[INFORMATION SHOWN]
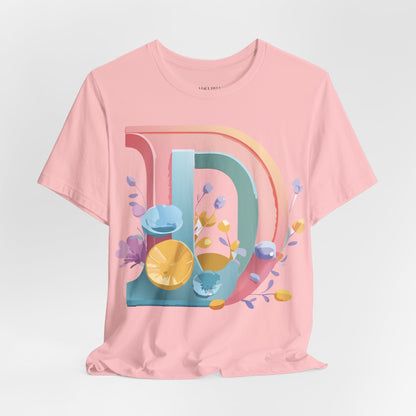 Natural Cotton Tee Shirt - Letters Collection - D Printify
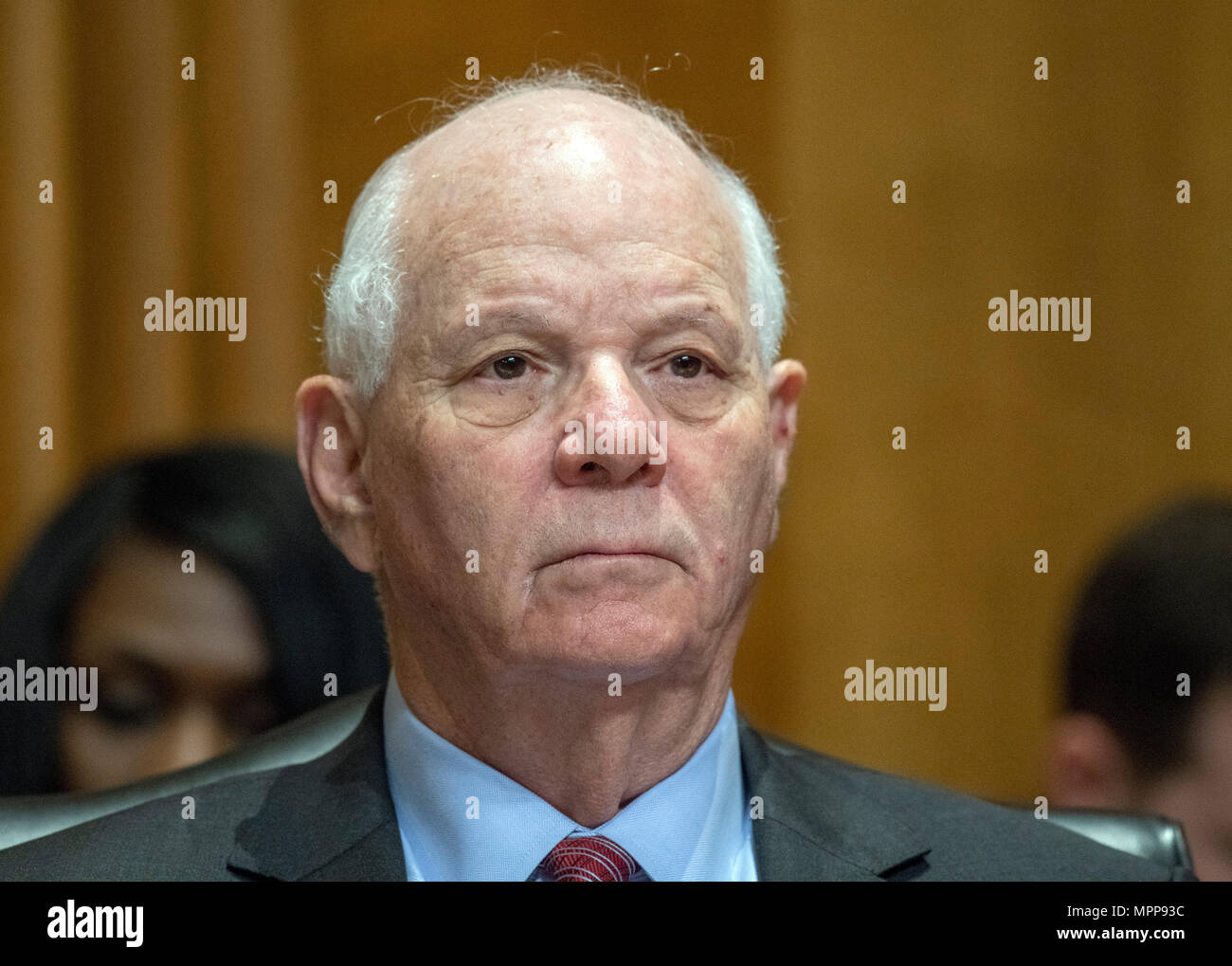 United States Senator Ben Cardin (Democrat of Maryland) listens as US Secretary of State Mike Pompeo appears before the to 'Review the FY 2019 State Department budget request' on Capitol Hill in Washington, DC on Thursday, May 24, 2018. Prior to delivering his prepared remarks, Secretary Pompeo read a letter from US President Donald J. Trump to North Korean leader Kim Jong-un cancelling their planned summit in Singapore on June 12, 2018 Credit: Ron Sachs/CNP /MediaPunch Stock Photo
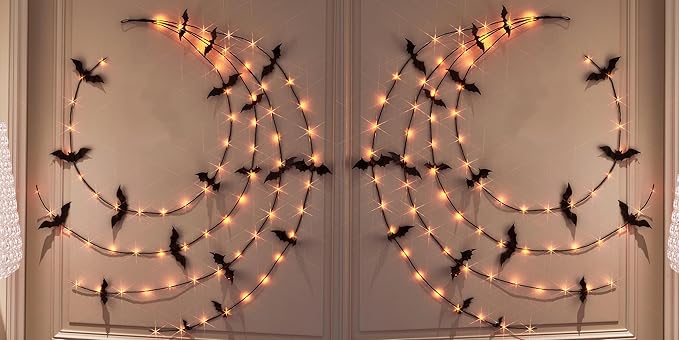 LITBLOOM Halloween Garland with Lights 6FT 80 Orange and Warm White Fairy Lights, Lighted Black Garland Battery Operated with Timer Lit Bats for Wall Porch Decoration (2 Pack)
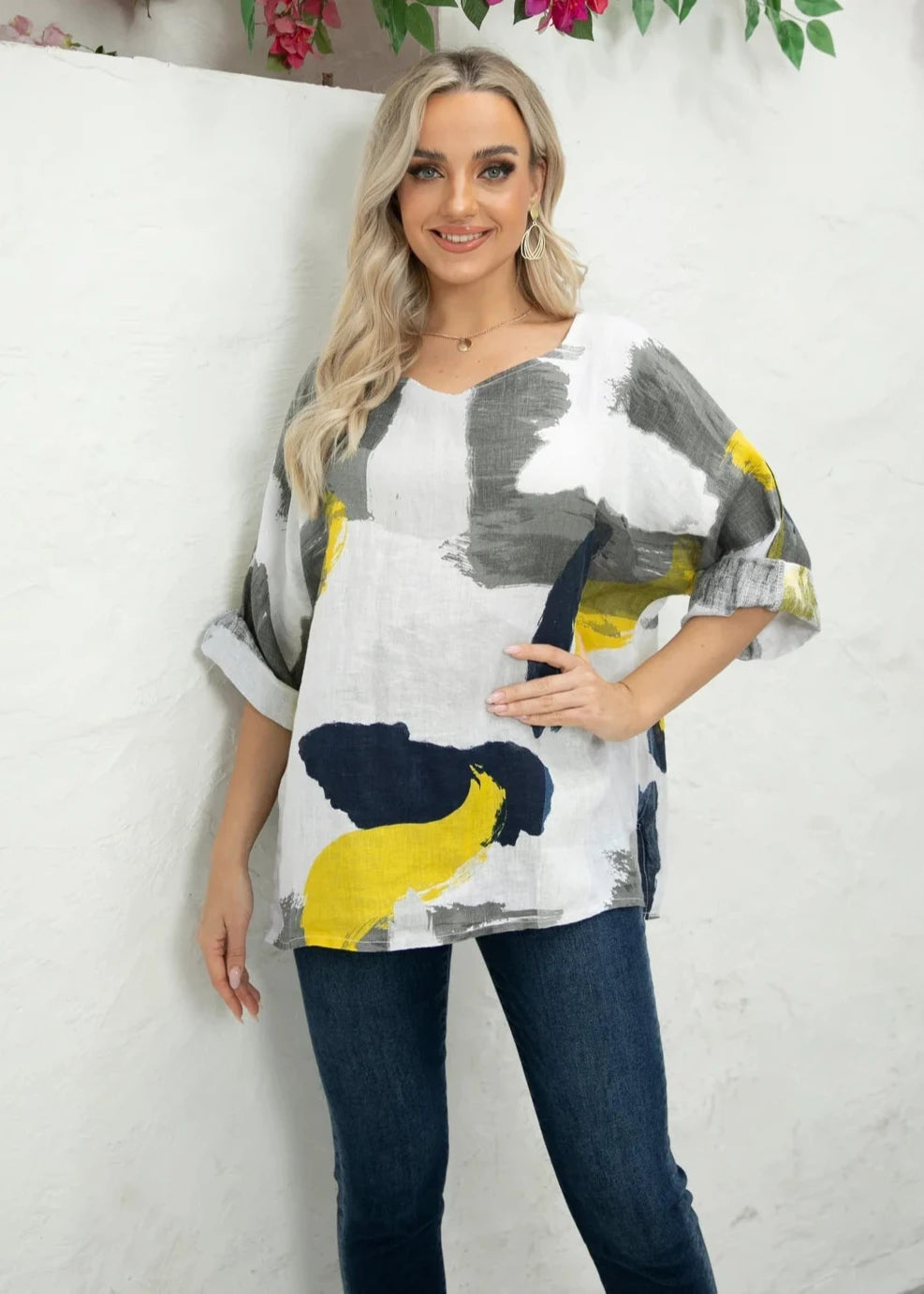 Orange - Sammy's Linen Abstract Top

[TASK STATEMENT]
What is needed is an exact repetition of every line from the line with "United States Senator" to the end of the data above, both ends included, with no pictures.

[ANSWER AREA]
 United States Senator Ben Cardin (Democrat of Maryland) listens as US Secretary of State Mike Pompeo appears before the to 'Review the FY 2019 State Department budget request' on Capitol Hill in Washington, DC on Thursday, May 24, 2018. Prior to delivering his prepared remarks, Secretary Pompeo read a letter from US President Donald J. Trump to North Korean leader Kim Jong-un cancelling their planned summit in Singapore on June 12, 2018 Credit: Ron Sachs/CNP /MediaPunch Stock Photo
 LITBLOOM Halloween Garland with Lights 6FT 80 Orange and Warm White Fairy Lights, Lighted Black Garland Battery Operated with Timer Lit Bats for Wall Porch Decoration (2 Pack)
 Orange - Sammy's Linen Abstract Top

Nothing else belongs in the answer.